Dans la sous-région par exemple, où la stabilité régionale et la recherche de la solution à la crise sécuritaire dessinent peu à peu les contours d’un autre axe de la politique étrangère de Félix Tshisekedi, il y a eu un raté mémorable. Malgré le réseau développé par Fortunat Biselele, l’incontournable conseiller privé de Félix Tshisekedi, la fausse bonne idée d’inviter tous les pays voisins (Burundi, Rwanda, Ouganda, Tanzanie, …) à intégrer un « état-major régional intégré » a très rapidement fait pschitt. L’initiative a été confrontée à la fois aux réticences de Kampala, mais aussi au veto de la Communauté de développement des États de l’Afrique australe (SADC). Il n’est cependant pas exclu que le dispositif initial se transforme à un cadre de concertation et d’échange d’informations sur l’état de la menace dans la région.

À vrai dire, des responsables de l’armée, restés loyaux à Joseph Kabila, n’y ont jamais cru. Trois de ceux que nous avons interrogés estiment que la RDC a plutôt « intérêt à se tourner vers la SADC [Communauté de développement de l’Afrique australe]» pour constituer une nouvelle brigade – non dépendante de la Monusco – qui remplacerait l’actuelle Brigade d’intervention des Nations unies. En filigrane s’affrontent ici également deux visions différentes de l’intégration régionale au sommet de l’État congolais : d’un côté, le président Félix Tshisekedi qui souhaite voir la RDC devenir le 7e pays membre de la Communauté d’Afrique de l’Est, aux côtés notamment du Rwanda, de l’Ouganda et du Kenya dont il paraît proche, de l’autre, Joseph Kabila, son prédécesseur, qui tient à maintenir le pays dans le giron de la SADC, aux côtés entre autres de l’Angola et de l’Afrique du Sud.

Félix Tshisekedi et Paul Kagame, le 8 décembre 2019, au Kusi Ideas Festival, à Kigali. © Flickr/Paul Kagame

Mais cet échec de la mise en place d’un « état-major régional intégré » ne doit pas obscurcir « la nouvelle dynamique de coopération » qui se déploie dans les Grands-Lacs, insiste-t-on dans l’entourage du chef de l’État congolais. « Félix Tshisekedi a réussi à emmener ses homologues à jouer un jeu constructif dans la conjonction d’intérêts économiques, loin des conflits et des prédations, en essayant de dépasser les rancœurs et les souvenirs du passé », argumente le diplomate congolais.

Axe 3 : le rééquilibrage des rapports de force à l’intérieur du pays

Qu’à cela ne tienne, le soutien apparent de la communauté internationale engrangé par Félix Tshisekedi, notamment lors de ces voyages à l’étranger, pourrait également lui permettre d’infléchir, tant soit peu, les rapports de force qui lui sont défavorables au sein de la coalition au pouvoir.

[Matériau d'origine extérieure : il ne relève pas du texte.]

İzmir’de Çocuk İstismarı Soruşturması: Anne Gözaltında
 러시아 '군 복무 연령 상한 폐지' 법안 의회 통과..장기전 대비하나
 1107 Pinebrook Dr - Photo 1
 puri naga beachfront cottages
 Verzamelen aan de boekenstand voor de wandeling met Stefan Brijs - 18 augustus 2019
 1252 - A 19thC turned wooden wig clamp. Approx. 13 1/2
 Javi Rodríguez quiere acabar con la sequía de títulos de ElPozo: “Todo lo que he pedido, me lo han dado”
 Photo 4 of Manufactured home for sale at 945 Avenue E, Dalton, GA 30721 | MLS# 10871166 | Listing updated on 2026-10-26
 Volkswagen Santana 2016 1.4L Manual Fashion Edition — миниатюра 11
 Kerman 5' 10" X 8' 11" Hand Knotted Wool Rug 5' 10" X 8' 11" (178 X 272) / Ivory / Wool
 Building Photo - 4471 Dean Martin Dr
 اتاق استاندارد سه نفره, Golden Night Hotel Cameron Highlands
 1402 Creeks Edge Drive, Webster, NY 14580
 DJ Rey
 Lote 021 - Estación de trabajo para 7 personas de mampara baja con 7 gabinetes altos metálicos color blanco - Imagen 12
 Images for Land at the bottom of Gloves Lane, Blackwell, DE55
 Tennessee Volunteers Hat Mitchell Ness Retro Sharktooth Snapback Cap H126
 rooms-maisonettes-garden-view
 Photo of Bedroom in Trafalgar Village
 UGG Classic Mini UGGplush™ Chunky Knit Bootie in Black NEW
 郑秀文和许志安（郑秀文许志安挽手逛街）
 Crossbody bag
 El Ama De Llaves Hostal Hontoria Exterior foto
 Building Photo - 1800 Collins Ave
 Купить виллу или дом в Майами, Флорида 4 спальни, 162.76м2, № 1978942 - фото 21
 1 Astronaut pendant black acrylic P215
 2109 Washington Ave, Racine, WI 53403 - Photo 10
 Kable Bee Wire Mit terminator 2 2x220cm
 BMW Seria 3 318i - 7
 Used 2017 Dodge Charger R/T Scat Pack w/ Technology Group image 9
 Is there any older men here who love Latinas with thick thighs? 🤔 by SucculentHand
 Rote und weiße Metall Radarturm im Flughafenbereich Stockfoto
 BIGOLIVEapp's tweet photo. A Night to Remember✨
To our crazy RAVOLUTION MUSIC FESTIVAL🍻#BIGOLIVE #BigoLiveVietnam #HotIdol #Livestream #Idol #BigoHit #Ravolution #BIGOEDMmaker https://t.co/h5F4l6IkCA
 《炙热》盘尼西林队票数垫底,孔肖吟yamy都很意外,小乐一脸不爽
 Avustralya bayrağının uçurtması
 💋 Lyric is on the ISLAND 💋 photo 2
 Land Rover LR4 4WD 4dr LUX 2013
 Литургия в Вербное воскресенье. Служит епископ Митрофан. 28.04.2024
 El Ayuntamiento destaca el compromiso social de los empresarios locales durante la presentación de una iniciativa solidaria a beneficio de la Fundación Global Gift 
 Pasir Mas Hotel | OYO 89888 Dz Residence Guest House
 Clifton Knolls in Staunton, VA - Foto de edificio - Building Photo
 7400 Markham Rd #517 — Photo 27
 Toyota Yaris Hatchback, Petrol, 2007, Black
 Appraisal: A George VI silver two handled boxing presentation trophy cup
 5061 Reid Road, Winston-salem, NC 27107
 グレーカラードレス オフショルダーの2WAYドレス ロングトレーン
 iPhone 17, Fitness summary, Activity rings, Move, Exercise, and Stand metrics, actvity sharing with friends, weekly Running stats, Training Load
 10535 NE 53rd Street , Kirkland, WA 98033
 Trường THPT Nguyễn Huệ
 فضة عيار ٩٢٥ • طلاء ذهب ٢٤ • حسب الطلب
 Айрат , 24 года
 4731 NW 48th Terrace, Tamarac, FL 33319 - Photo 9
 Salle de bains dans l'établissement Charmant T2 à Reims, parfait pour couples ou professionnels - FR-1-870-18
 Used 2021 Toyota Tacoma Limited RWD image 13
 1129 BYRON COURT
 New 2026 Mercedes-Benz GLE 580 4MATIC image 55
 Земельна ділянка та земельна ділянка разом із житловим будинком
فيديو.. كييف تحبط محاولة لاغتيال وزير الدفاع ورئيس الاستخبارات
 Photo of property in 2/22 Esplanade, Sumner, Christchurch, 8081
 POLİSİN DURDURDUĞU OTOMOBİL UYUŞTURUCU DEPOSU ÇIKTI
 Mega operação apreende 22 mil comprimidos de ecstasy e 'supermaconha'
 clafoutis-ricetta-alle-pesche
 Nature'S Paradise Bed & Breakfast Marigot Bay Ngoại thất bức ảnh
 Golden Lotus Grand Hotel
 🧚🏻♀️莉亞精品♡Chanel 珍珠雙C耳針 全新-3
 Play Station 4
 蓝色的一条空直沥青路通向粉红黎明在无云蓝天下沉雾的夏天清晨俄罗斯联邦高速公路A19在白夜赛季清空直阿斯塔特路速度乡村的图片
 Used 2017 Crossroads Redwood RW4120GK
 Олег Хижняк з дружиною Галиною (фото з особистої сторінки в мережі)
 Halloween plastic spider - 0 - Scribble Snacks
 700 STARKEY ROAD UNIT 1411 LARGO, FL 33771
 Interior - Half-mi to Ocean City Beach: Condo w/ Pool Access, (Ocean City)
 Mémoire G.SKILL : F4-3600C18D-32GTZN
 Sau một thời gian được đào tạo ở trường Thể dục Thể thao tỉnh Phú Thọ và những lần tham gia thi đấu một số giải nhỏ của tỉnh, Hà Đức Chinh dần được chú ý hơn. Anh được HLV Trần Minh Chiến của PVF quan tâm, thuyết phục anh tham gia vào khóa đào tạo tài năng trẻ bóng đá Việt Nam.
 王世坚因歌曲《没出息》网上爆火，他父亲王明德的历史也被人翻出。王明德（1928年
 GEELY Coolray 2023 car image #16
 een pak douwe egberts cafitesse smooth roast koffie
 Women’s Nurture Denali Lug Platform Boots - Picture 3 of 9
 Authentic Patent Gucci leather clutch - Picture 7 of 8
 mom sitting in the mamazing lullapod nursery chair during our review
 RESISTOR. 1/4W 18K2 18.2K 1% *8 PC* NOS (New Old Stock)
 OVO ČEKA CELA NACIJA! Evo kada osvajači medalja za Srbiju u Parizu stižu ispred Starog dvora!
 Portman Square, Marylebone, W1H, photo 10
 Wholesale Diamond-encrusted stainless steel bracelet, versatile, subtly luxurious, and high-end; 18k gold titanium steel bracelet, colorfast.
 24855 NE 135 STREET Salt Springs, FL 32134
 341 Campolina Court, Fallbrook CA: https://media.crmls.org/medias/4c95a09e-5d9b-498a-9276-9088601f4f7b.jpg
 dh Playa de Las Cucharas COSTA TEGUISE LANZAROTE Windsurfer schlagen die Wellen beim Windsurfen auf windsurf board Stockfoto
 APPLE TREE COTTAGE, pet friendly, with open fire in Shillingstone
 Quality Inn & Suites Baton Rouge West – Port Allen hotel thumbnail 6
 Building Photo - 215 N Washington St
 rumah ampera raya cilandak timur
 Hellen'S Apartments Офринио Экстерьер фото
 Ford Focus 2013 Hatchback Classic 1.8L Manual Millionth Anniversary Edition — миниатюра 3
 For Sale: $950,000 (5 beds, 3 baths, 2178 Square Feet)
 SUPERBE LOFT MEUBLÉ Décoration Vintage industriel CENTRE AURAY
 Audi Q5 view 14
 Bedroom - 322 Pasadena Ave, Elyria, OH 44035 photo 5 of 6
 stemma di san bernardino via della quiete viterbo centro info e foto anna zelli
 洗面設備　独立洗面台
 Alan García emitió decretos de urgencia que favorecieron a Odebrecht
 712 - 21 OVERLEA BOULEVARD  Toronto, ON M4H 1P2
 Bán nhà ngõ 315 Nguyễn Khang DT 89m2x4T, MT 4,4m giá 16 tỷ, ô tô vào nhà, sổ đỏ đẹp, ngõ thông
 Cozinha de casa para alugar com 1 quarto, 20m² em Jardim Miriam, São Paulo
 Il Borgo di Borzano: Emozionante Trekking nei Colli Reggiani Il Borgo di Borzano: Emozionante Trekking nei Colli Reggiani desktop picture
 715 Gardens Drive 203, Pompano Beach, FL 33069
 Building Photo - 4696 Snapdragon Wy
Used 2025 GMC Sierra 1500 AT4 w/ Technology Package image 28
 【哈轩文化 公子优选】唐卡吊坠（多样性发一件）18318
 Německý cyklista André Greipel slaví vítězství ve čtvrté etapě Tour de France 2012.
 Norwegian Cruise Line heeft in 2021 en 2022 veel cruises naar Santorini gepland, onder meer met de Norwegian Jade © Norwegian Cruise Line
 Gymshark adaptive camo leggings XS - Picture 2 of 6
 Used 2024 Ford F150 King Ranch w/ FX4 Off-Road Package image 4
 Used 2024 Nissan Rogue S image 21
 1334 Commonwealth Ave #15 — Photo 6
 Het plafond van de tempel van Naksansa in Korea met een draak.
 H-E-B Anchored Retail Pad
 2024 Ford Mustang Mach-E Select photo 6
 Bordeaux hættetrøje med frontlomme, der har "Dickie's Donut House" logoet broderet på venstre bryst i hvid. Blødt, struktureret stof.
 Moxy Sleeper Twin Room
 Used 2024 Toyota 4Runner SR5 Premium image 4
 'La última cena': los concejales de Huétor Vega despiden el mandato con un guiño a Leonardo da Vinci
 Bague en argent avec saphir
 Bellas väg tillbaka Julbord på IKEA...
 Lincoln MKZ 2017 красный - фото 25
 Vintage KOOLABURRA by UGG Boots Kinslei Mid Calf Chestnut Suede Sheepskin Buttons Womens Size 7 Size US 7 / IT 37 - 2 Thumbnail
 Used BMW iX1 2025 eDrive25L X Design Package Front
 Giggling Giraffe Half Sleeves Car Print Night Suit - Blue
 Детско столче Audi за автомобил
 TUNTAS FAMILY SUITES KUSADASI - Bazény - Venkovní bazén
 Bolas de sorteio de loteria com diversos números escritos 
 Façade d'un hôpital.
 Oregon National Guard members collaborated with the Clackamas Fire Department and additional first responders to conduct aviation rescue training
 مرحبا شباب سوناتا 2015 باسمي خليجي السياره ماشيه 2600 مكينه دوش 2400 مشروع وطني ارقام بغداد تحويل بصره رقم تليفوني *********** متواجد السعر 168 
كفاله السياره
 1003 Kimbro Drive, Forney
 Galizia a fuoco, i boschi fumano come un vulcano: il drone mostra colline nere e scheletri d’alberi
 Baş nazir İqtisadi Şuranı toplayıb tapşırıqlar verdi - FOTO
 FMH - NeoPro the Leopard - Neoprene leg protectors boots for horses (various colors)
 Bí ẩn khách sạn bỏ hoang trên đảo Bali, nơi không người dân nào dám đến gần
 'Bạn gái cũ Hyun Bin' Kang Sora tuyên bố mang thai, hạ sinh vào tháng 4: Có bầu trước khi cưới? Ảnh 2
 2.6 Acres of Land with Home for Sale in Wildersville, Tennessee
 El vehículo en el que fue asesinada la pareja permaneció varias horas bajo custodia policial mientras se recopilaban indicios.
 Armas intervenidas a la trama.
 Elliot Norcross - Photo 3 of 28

C’est en effet son « partenaire de l’alternance », Joseph Kabila, et le Front commun pour le Congo (FCC) qui contrôlent l’essentiel des institutions de la République.

« Même des caciques de la famille politique de l’ancien président, voire des officiers de l’armée, savent qu’ils n’ont pas d’autre choix que de composer avec Félix Tshisekedi. N’est-ce pas lui qui a plaidé en faveur de l’atténuation des sanctions européennes contre des proches de Joseph Kabila ? » avance ainsi un député proche du chef de l’État. Le 9 décembre, Lambert Mende et Roger Kibelisa, respectivement ancien ministre des Médias et ancien chef du département de la sécurité intérieure de l’Agence nationale de renseignements (ANR), ont bénéficié de la levée des mesures individuelles restrictives prises à leur encontre par l’UE. Mais cet assouplissement n’a pas concerné 12 autres proches de l’ancien président Joseph Kabila, maintenus sur la liste des sanctions européennes.

« Dans la politique extérieure du président, le rééquilibrage éventuel de rapports de force n’est pas un objectif en soi. Il en sera sans doute l’une des conséquences », décrypte un autre membre de l’entourage de Félix Tshisekedi. Mais, « rassurez-vous, le président voyagera moins l’année prochaine », promet l’un des assistants.